Horowhenua locals are still in limbo nearly a decade on from promises of an expressway to replace a dangerous stretch of State Highway 1 north of Wellington.
A New Zealand Transport Agency (NZTA) spokesperson said there was no money to build the Ōtaki to Levin expressway for another five years.
But residents in the area said not only did it feel like a hopeless wait, but as the years ticked on people kept dying on the roads.
The 40-kilometre stretch of SH1 from Ōtaki to Foxton is rated as a high risk rural road.
Over the past 10 years, 24 people have died, serious crashes are on the rise.
There were 18 last year, up from 10 in 2017 and just two the year before that.
A spokesperson for the Build our Road campaign, Antony Young, said they want the government to act now before more people died.
"All we can envisage is that there will be more accidents, there will be injuries, there will be more fatalities, and that's very hard for us to fathom.

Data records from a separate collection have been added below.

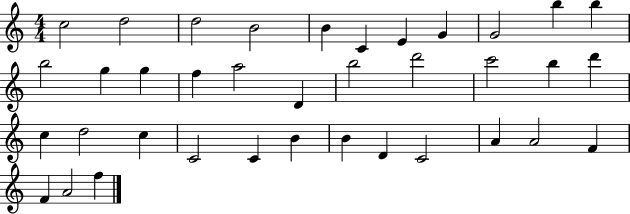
C5/h D5/h D5/h B4/h B4/q C4/q E4/q G4/q G4/h B5/q B5/q B5/h G5/q G5/q F5/q A5/h D4/q B5/h D6/h C6/h B5/q D6/q C5/q D5/h C5/q C4/h C4/q B4/q B4/q D4/q C4/h A4/q A4/h F4/q F4/q A4/h F5/q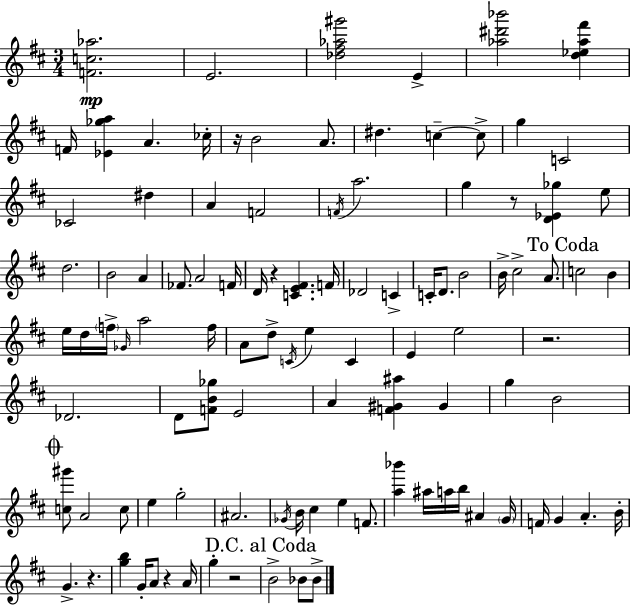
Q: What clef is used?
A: treble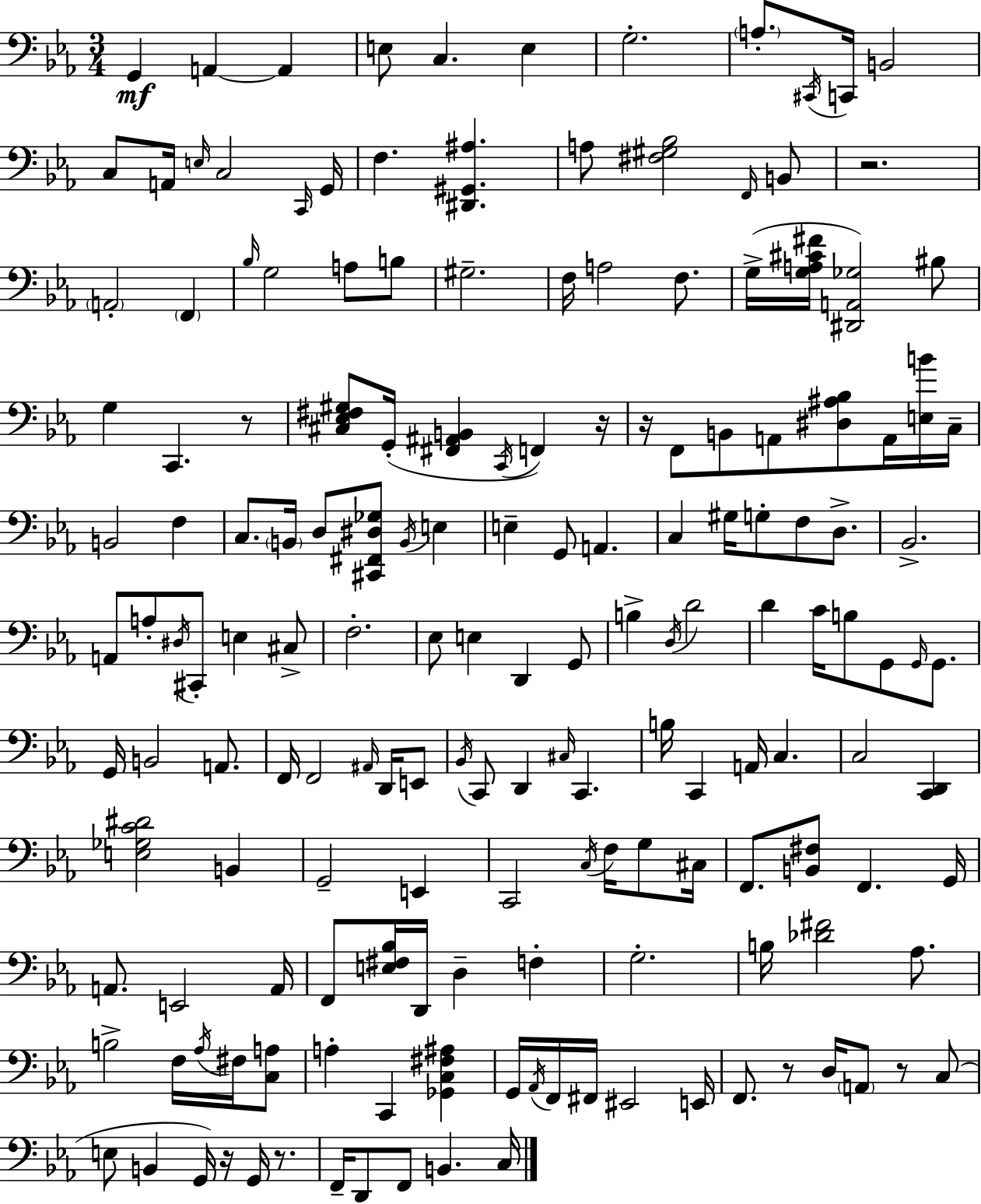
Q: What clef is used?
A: bass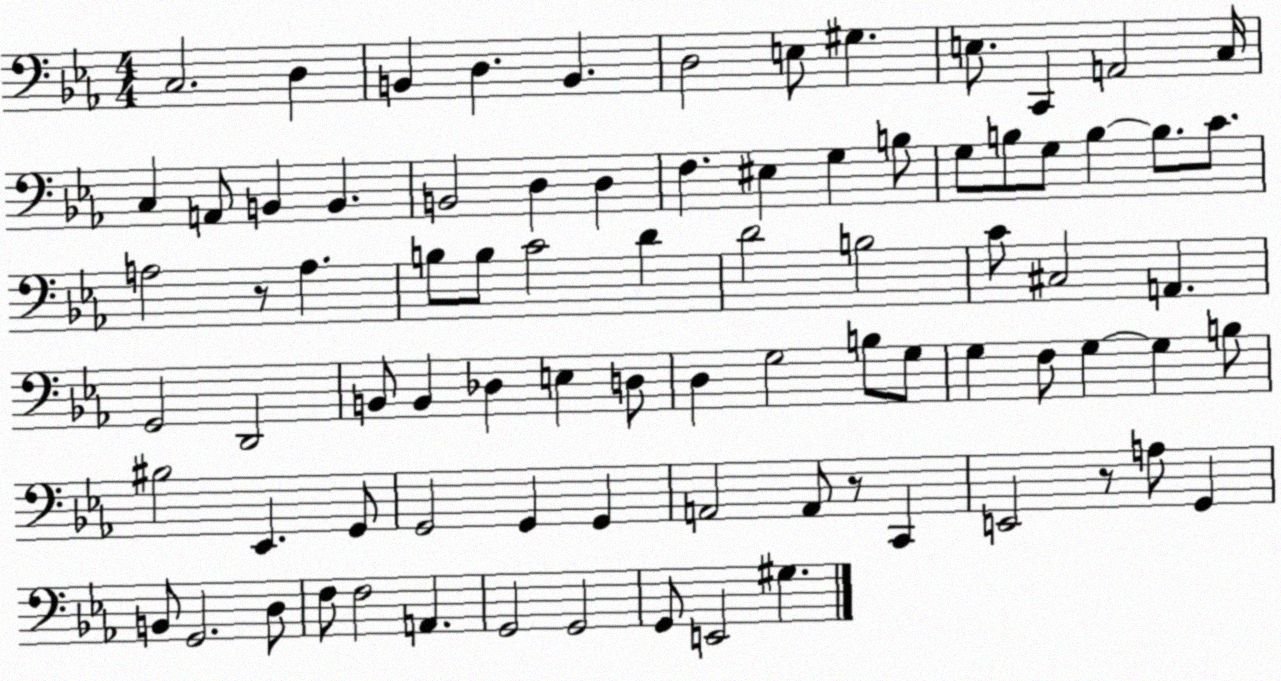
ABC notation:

X:1
T:Untitled
M:4/4
L:1/4
K:Eb
C,2 D, B,, D, B,, D,2 E,/2 ^G, E,/2 C,, A,,2 C,/4 C, A,,/2 B,, B,, B,,2 D, D, F, ^E, G, B,/2 G,/2 B,/2 G,/2 B, B,/2 C/2 A,2 z/2 A, B,/2 B,/2 C2 D D2 B,2 C/2 ^C,2 A,, G,,2 D,,2 B,,/2 B,, _D, E, D,/2 D, G,2 B,/2 G,/2 G, F,/2 G, G, B,/2 ^B,2 _E,, G,,/2 G,,2 G,, G,, A,,2 A,,/2 z/2 C,, E,,2 z/2 A,/2 G,, B,,/2 G,,2 D,/2 F,/2 F,2 A,, G,,2 G,,2 G,,/2 E,,2 ^G,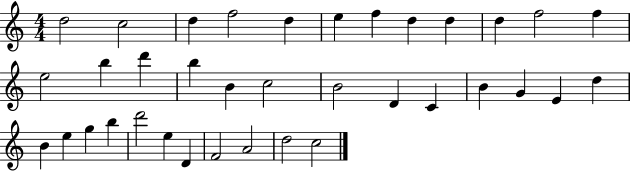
{
  \clef treble
  \numericTimeSignature
  \time 4/4
  \key c \major
  d''2 c''2 | d''4 f''2 d''4 | e''4 f''4 d''4 d''4 | d''4 f''2 f''4 | \break e''2 b''4 d'''4 | b''4 b'4 c''2 | b'2 d'4 c'4 | b'4 g'4 e'4 d''4 | \break b'4 e''4 g''4 b''4 | d'''2 e''4 d'4 | f'2 a'2 | d''2 c''2 | \break \bar "|."
}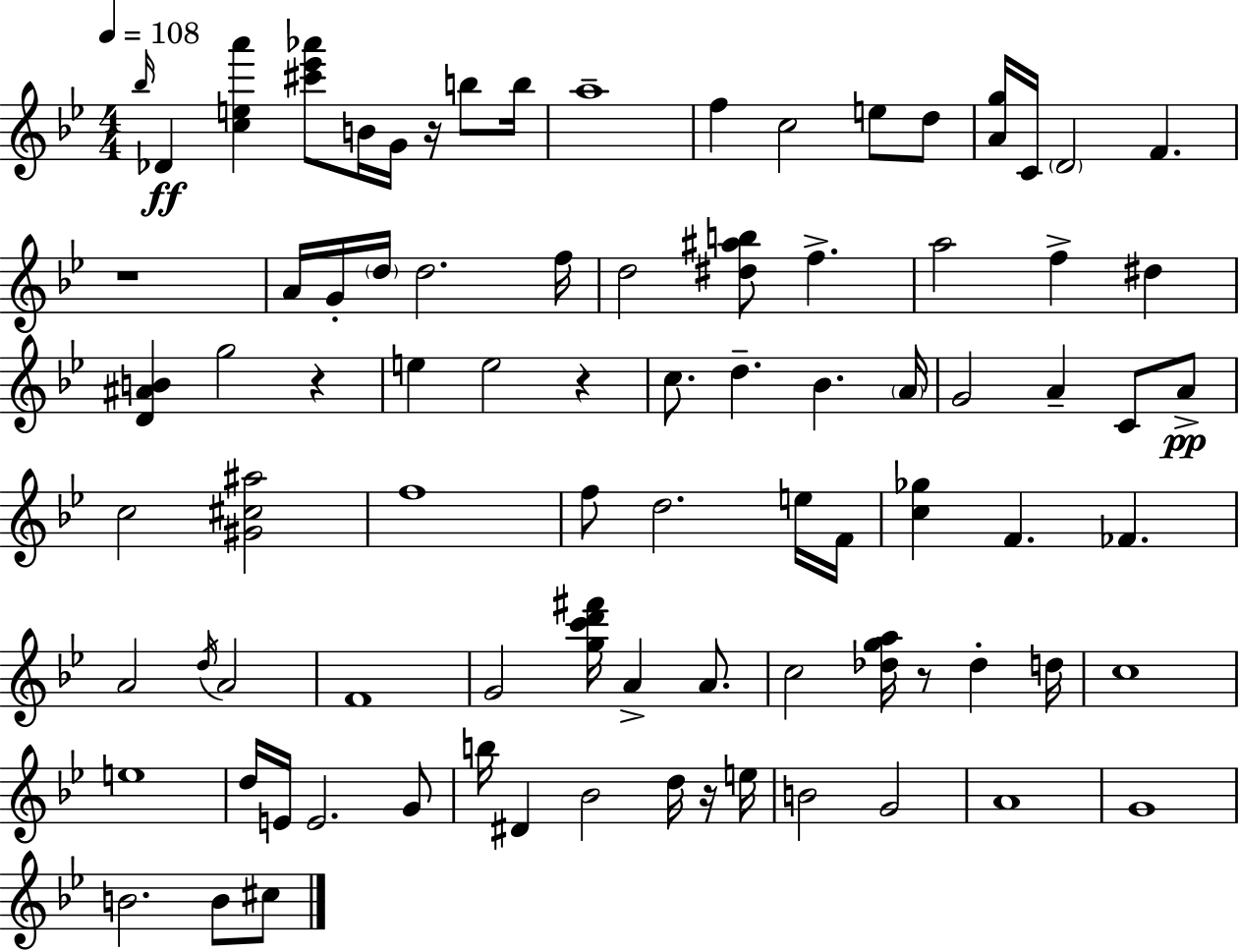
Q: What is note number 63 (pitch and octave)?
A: D5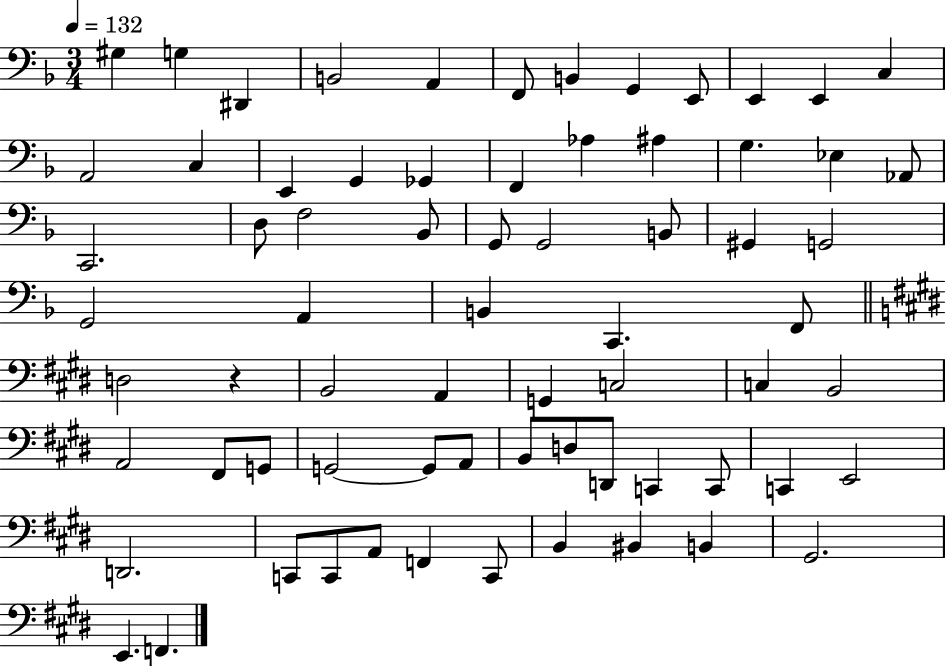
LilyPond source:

{
  \clef bass
  \numericTimeSignature
  \time 3/4
  \key f \major
  \tempo 4 = 132
  gis4 g4 dis,4 | b,2 a,4 | f,8 b,4 g,4 e,8 | e,4 e,4 c4 | \break a,2 c4 | e,4 g,4 ges,4 | f,4 aes4 ais4 | g4. ees4 aes,8 | \break c,2. | d8 f2 bes,8 | g,8 g,2 b,8 | gis,4 g,2 | \break g,2 a,4 | b,4 c,4. f,8 | \bar "||" \break \key e \major d2 r4 | b,2 a,4 | g,4 c2 | c4 b,2 | \break a,2 fis,8 g,8 | g,2~~ g,8 a,8 | b,8 d8 d,8 c,4 c,8 | c,4 e,2 | \break d,2. | c,8 c,8 a,8 f,4 c,8 | b,4 bis,4 b,4 | gis,2. | \break e,4. f,4. | \bar "|."
}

" I don't think we can afford to have lives put at risk or have many other lives put on hold.
"It's a ticking time bomb," he said.
But Mr Young said the fight wasn't over yet and they were calling on the government to finish the job.
Truck driver Nico Jongeneel said the deaths should not be happening.
"I wouldn't call it State Highway One, I would call it the only way north. That's what it is.
"It hasn't got the state highway status."
He could not understand how the road was considered fit for purpose for the huge range of vehicles it carried, including tractors.
"They put up those sticks in the middle of the road and on the side of the road, which makes the road narrower. They call them cheese graters on the side."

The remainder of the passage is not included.